My introduction to Saramago's work was the 1995 novel Blindness (Ensaio sobre a Cergeza), which appeared in English (translated by Giovanni Pontiero) in the fall of 1997.  An allegory about the effects on civilization of man's loss of our most important and essential sense--sight--and the possibility, even after societal breakdown, of humanity, Blindness struck me at the time as the work of someone writing at the very height of his powers. The next year Saramago received the Nobel Prize, in part for this extraordinary book but also for his oeuvre, up to that point, consisting of the poetry he'd written during his fallow fiction period, of some 30 years, and the nearly dozen novels up to that point, including Manual of Painting and Calligraphy, Baltasar and Blimunda (Memorial do Convento), The Year of the Death of Ricardo Reis, The Stone Raft, The History of the Siege of Lisbon, and The Gospel According to Jesus Christ. This last inventive, irreverantly anti-religious book sparked denunciation by the Roman Catholic Church, which led the Portuguese authorities to withdraw Saramago's name for a prize consideration, which thus led him to decamp for Lanzarote, in Spain, where he lived for the remainder of his life. From the time of his Nobel Prize he was sometimes derided as or viewed solely in terms of his affirmation of Communism, and he also received harsh criticism for his critique of Israel's treatment of the Palestinians. His work, however, rarely dealt overtly with contemporary politics or ideology, either in the abstract or, in the case of Portugal's, where the Salazar dictatorship spanned a great portion of his life; only in one novel, The Year of the Death of Ricardo Reis, I believe, does he directly treat a fairly recent political moment, 1936, when war and fascism were engulfing Europe--and Salazar seized control of the Portuguese state--but in his inimical, indirect fashion; the eponymous protagonist, Reis, is, in fact, a heteronym of Portugal's towering 20th century literary figure, Fernando Pessoa, whose death provokes Reis's return from Brazil and who makes repeated, ghostly and increasingly troubling appearances, finally leading to Reis's own "death," as it were, at the novel's end. Saramago has stated that this strange and enchanting book is his favorite.

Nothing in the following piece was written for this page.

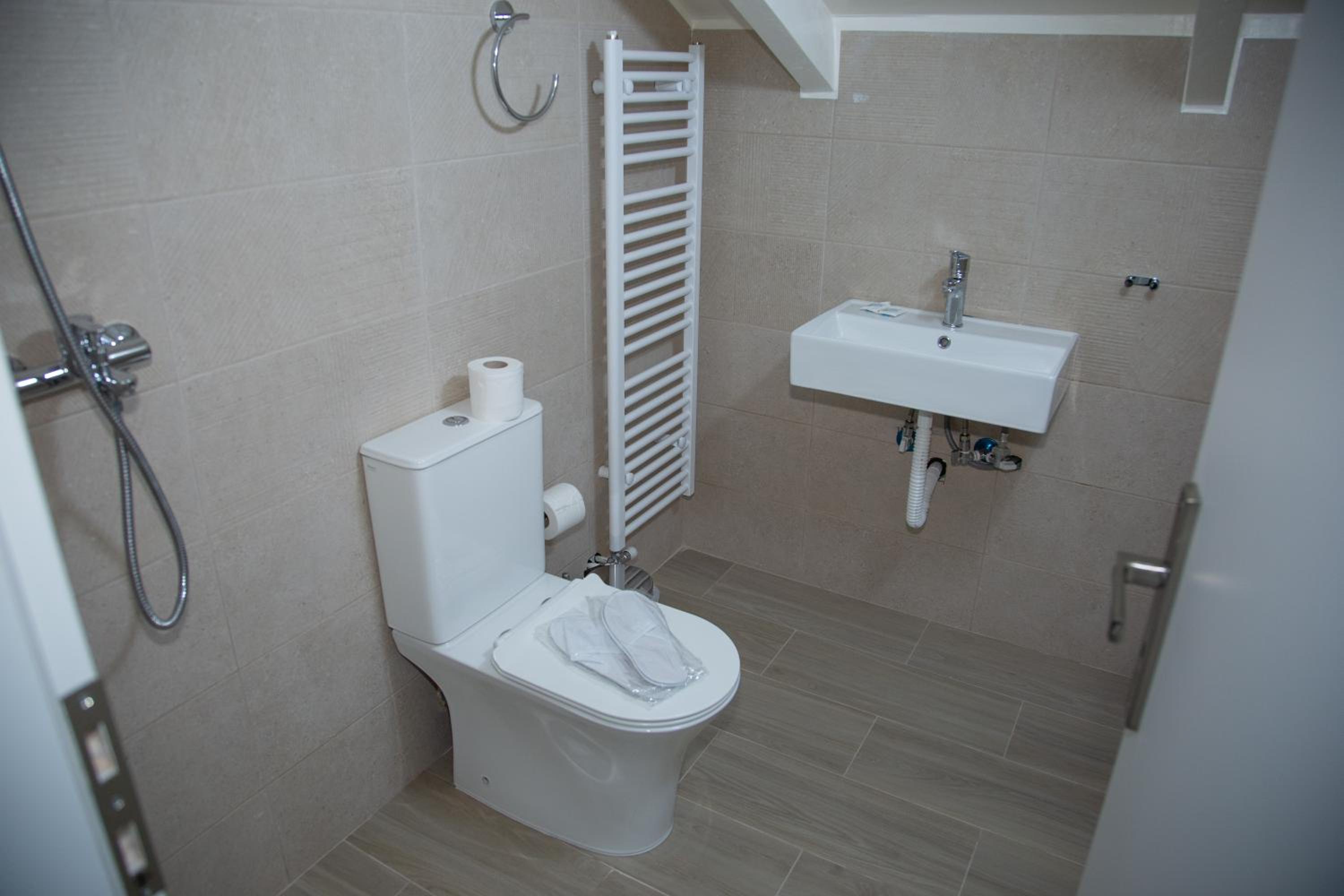 Photo 46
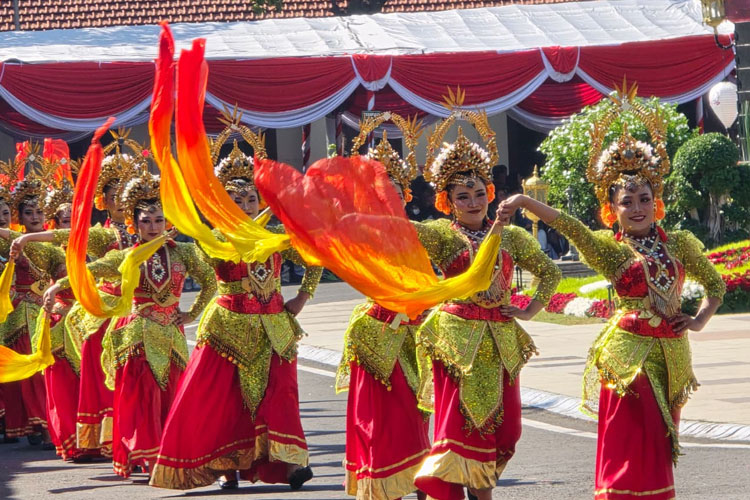 Parade-2.jpg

The last book of Saramago's that I read was 2003's The Double (O Homen Duplicado), published in 2004 in English. A haunting metaphysical meditation, The Double starts with the principle of the doppelgänger, and plays it out, with devastating consequences, to its logical end. Saramago's prose style presents an initial challenge, but once you get past and into the flow of the storytelling, this bizarre tale unfolds like a charm: at the suggestion of a coworker, a man recognizes a double of himself in a videotape, conspires to meet the double, does do so while withholding the details and truth from his beloved, switches places with the man, terrible things ensue, and then...he's contacted by someone whose voice, as was the case with him and his double, sounds--in so much as he might appear--like his double. Only the protagonist decides he ought be preemptive this time around, and so.... This reductive plot summary hardly conveys the literary and philosophical richness of the novel, which, like several of Saramago's later works, unfolds on a more narratively abstract plane, giving it the quality of fable, or allegory, or myth. And there is enough in this work to ground the reader in a here-and-now, in a material world, swiftly but authoritatively drawn, full of suspense and disquiet, such that you not only become part of it, but care about these characters and feel the topsy-turvy emotions they experience.  This is the case not only for The Double, but for all the ones of Saramago's that I've read. He was, and remains, among the best.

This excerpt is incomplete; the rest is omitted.